« The Big Bad City ». C’était, sans doute, le meilleur résumé possible. Laissant imaginer un peu de la violence routinière de la ville d’Isola. Un lieu imaginaire, avec ses faubourgs et ses bouges. Dans les faubourgs la classe moyenne. Et l’inspecteur Untel, pleinement conscient de son appartenance à celle-ci. Aux bouges le tapin et les combines douteuses. Et Sonny, le mauvais garçon, qui se laisse convaincre qu’on en veut à sa peau. Tout cela se télescope. Partout, à toute heure, les rues d’Isola sont pleines de sales types poursuivis par des mecs bien. Et vice-versa. La ville est le seul vrai personnage, aux règles de laquelle tout autre caractère se subordonne. La ville offre refuge aux petits malfrats. Ils poussent leur chance. Elle les fait dérailler. Une brigade de flics quadrille Isola, la surveille et la scrute. Elle le leur rend bien : elle les accable de moiteur et de crime. Cette ville, c’est le grand méchant loup.
La traduction a opté pour un titre insipide. La Cité sans sommeil, comme accroche, ça fleure tellement le plagiat (Le Grand sommeil, au moins, c’était du mot pour mot) que c’en est à peine croyable. Laissons cela : La Cité sans sommeil, dernier avatar des Chroniques du 87e District, est une réussite. La ville imaginaire d’Isola suit de loin -avec quelques curieux décalages temporels (Steve Carella, inspecteur « vieillissant » comme il se définit lui même, vieillit décidément moins vite que le vieux McBain)- l’évolution historique et sociologique de la ville de New York, digérant brillamment les changements qui l’ont transformée : la méthode du « zéro défaut » que lui ont si brillamment appliqué les politiques, les transformations climatiques, les tests ADN et les tous derniers soaps à la télé.

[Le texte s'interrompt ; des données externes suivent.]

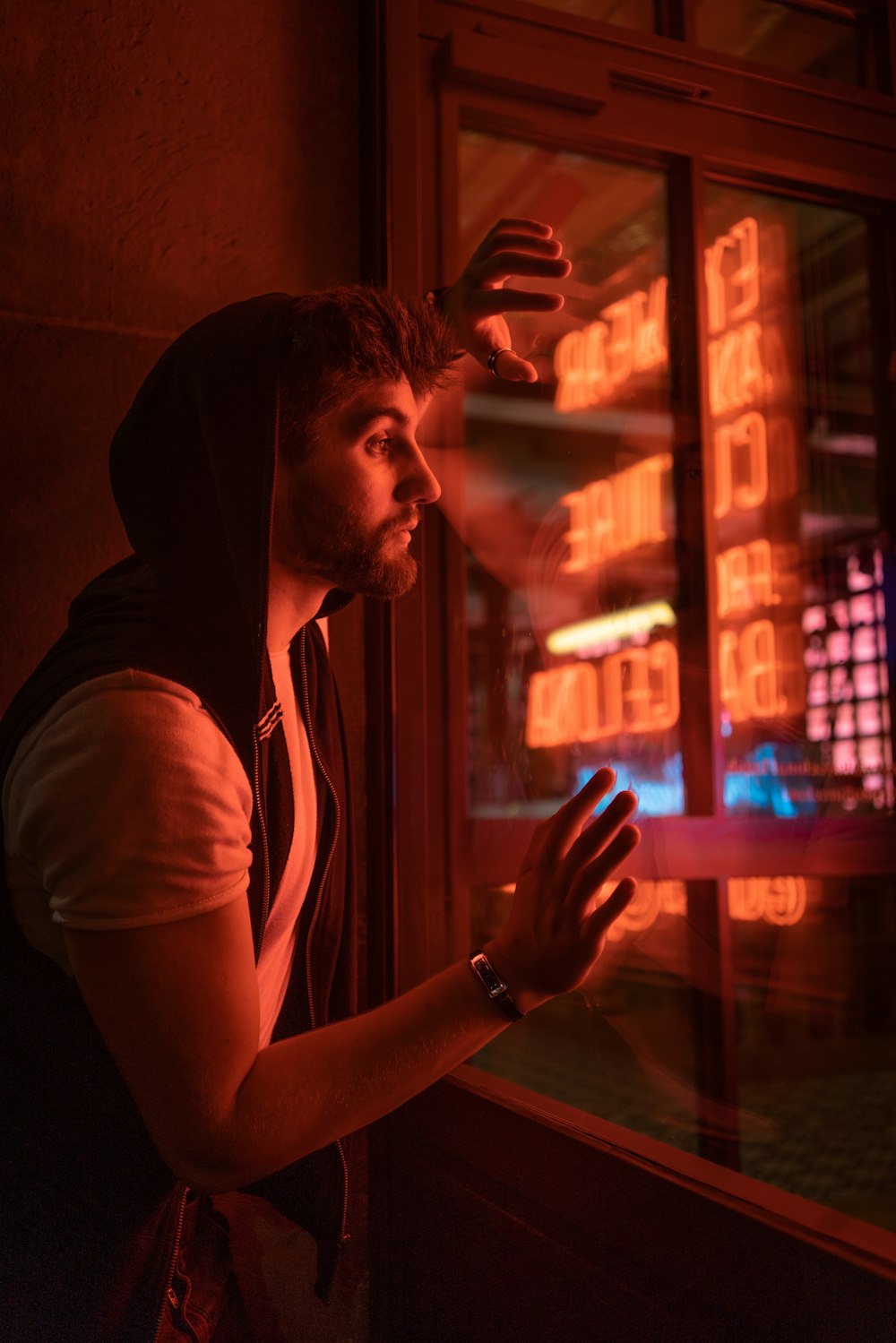 shallow focus photo of man in white and black short-sleeved hoodie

C’est cela qui fait la richesse et la vie de cette histoire de 87e District. Cette ville, Isola, est une ville comme les autres, nous dit Ed McBain. Mais moi, je la regarde respirer, je la regarde se mouvoir comme une bête, et elle ne s’arrête jamais. Commencer un roman d’Ed McBain n’est rien d’autre, finalement, que de prendre un train en marche. On rentre dans l’intimité -non pas d’un être, ni d’un couple (bien que La Cité sans sommeil regorge d’interrogations existentielles et de quiproquos entre vieux camarades), mais d’un bureau bruyant où fusent les histoires de bonnes sœurs (l’enquête porte sur l’une d’entre elle), dans l’intimité d’une ville entière qui a pour seule raison d’être les correspondances entre personnages, reliés par les fils ténus d’intrigues morbides et emmêlées comme la chevelure ensanglantée de sœur Mary Vincent. Une ville ogresse, ultime, quintessentielle, par laquelle tout arrive et tout retombe dans le silence, après le dernier coup de feu.